Das US-Finanzamt lässt seine Bürger nicht entkommen

Von Gerald Brix, Experte im US-deutschen Steuerrecht in New York, USA (BRIX + PARTNERS LLC)

An die USA-Erbschaftsteuer denkt man vor allem, wenn ein amerikanischer Staatsangehöriger (US-Citizen) in den USA verstirbt und sein in USA befindliches Vermögen an Personen in Deutschland vererbt (wobei dann natürlich auch deutsche Erbschaftsteuer anfallen kann).

Was gilt aber in der Konstellation, wenn ein US Citizen seit vielen Jahren ausschließlich in Deutschland lebt, nur Vermögen in Deutschland besitzt, und dann verstirbt? Fällt dann – zusätzlich zur deutschen Erbschaftsteuer – auch Erbschaftsteuer in den USA an?

Federal Estate Tax knüpft an die Staatsangehörigkeit an, nicht den Wohnsitz!

Keine banale Frage. Man muss hierfür zunächst die Grundprinzipien der USA-Erbschaftsteuer verstehen, genauer gesagt der Besteuerung aller unentgeltlicher Vermögensübertragungen (Vererbung, Schenkung usw.):

  1. Ein unentgeltlicher Vermögensübergang im Wege der Erbschaft unterscheidet sich in den USA signifikant von der Universalsukzession (Gesamtrechtsnachfolge), wie sie im Zivilrecht der meisten europäischen Staaten vorgesehen ist (Muster des französischen Code Civil).  Mit dem Tod des Erblassers wird in den USA ein estate, also Nachlass begründet, eine selbstständige Vermögensmasse, die ausnahmslos unter Verwaltung eines Testamentsvollstreckers steht. Die Abwicklung (administration) eines solchen Nachlasses kann im Extremfall Jahrzehnte dauern.
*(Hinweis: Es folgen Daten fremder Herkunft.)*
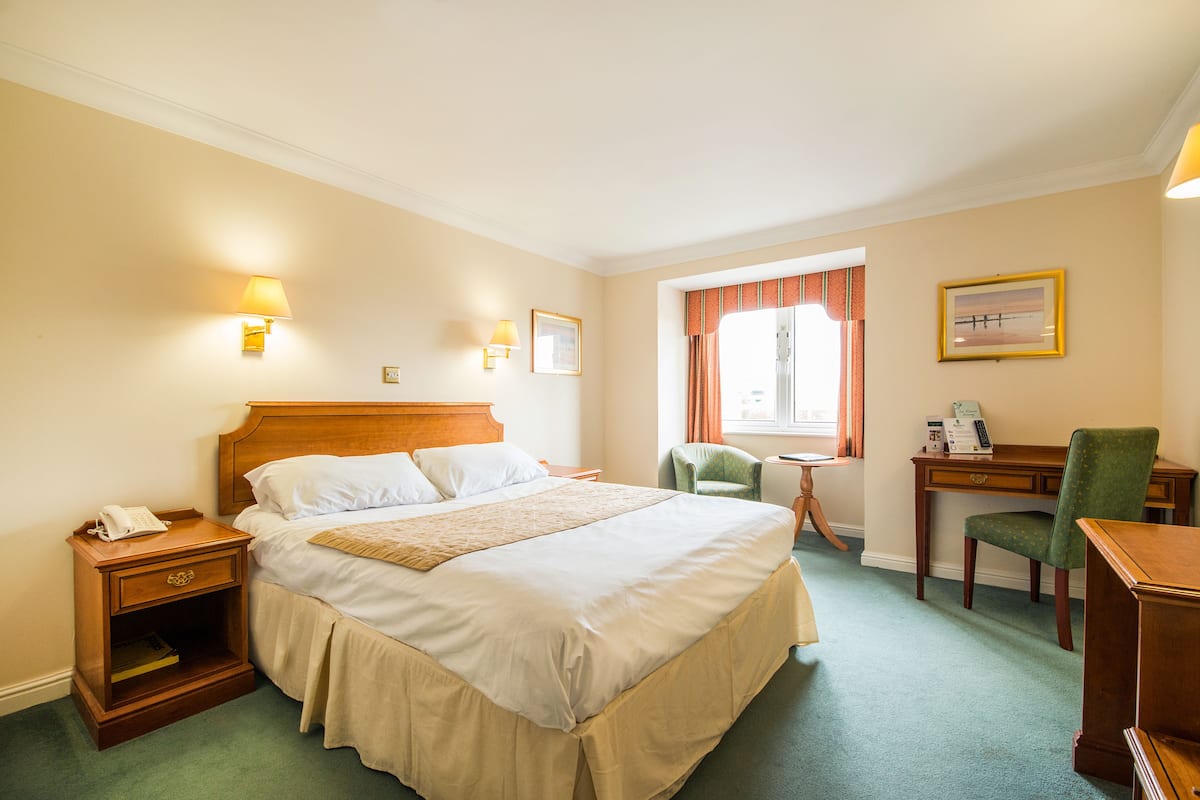 Superior-Zimmer, 1 King-Bett | Schreibtisch, Verdunkelungsvorhänge, Bügeleisen/Bügelbrett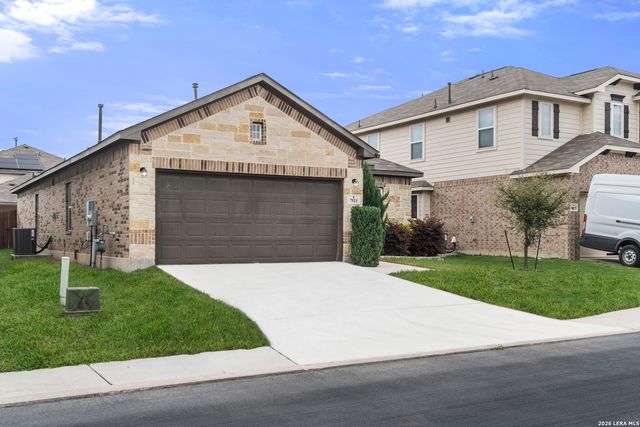 7911 Deepwell Dr, San Antonio, TX 78254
So besteht zum Beispiel bis heute „The Estate of Michael Jackson„, obwohl dieser bereits 2009 verstorben ist.  Der Testamentsvollstrecker eines solchen Nachlasses, der entweder testamentarisch oder durch das Nachlassgericht in den USA ernannt wird, ist Rechtsnachfolger aller Nachlassgegenstände und Nachlassverbindlichkeiten.  Der Nettonachlass ist auf Ebene des estate nachlasssteuerpflichtig.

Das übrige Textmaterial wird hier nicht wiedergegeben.